Lorsqu’on évoque la création d’un conseil de presse, une des réflexions régulièrement entendue est celle de la représentation du public, et de la pertinence de leur présence. L’APCP a voulu faire à nouveau le point. Elle a adressé au début de l’été un questionnaire aux membres de l’AIPCE (Alliance des conseils de presse indépendants d’Europe) et à ses correspondants non européens. La lecture des dix-sept réponses reçues fin septembre apporte une confirmation – l’apport positif des représentants du public au fonctionnement et à l’image des conseils de presse – mais montre qu’il n’y a pas de voie royale pour leur désignation.

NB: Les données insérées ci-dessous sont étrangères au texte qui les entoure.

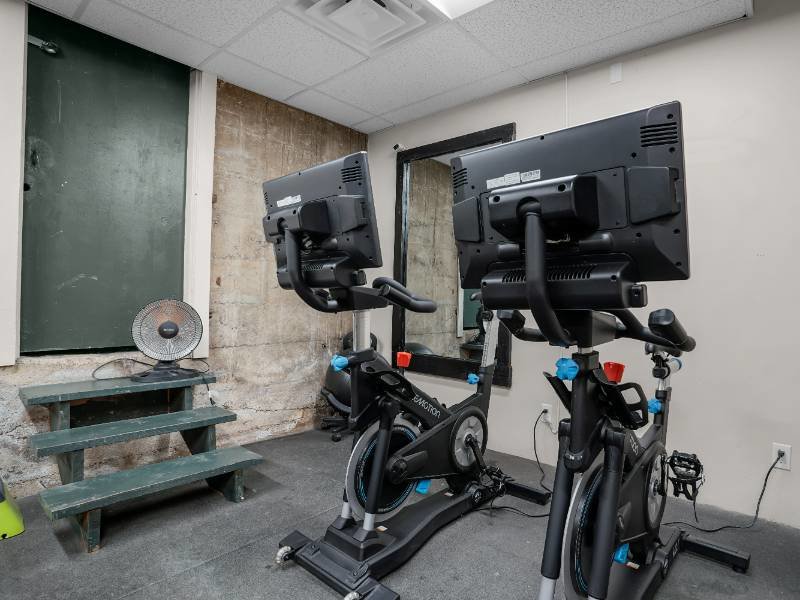 Cardio Center | Eleanor Rigby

L’effectif de ces conseils de presse varie de 8 à 50 membres : 8 sièges au Danemark, également répartis entre journalistes, éditeurs, juristes et représentants du public, et 50 en Russie où les représentants du public, choisis parmi les membre d’ONG, de partis politiques, et d’organisations de la société civile, se taillent la part du lion avec 24 sièges (un 25ème est attribué à un représentant du gouvernement). Le public n’est majoritaire par rapport aux professionnels – journalistes et éditeurs – que dans 5 instances sur 17, mais est majoritaire dans le comité des plaintes dans le CP québecois. Les mandats durent de 2 ans au Québec à 6 ans en Suède et sont partout de même durée pour tous les collèges. Un seul conseil, celui d’Allemagne, ne comprend pas de représentants du public, mais invite parfois des « experts » à participer à l’analyse de cas précis.
Au delà de ces statistiques qui n’ont qu’une valeur indicative compte tenu du nombre limité des réponses, l’APCP espérait des pistes de réflexion sur le choix des représentants du public. Aucun mode de désignation ne s’impose. Il y a appel public à candidature dans sept pays. Ailleurs, les postulants se font connaître spontanément ou sont proposés par des institutions ou associations. Les structures – association, fondation – qui chapeautent les conseils de presse sont le plus souvent chargées de les désigner.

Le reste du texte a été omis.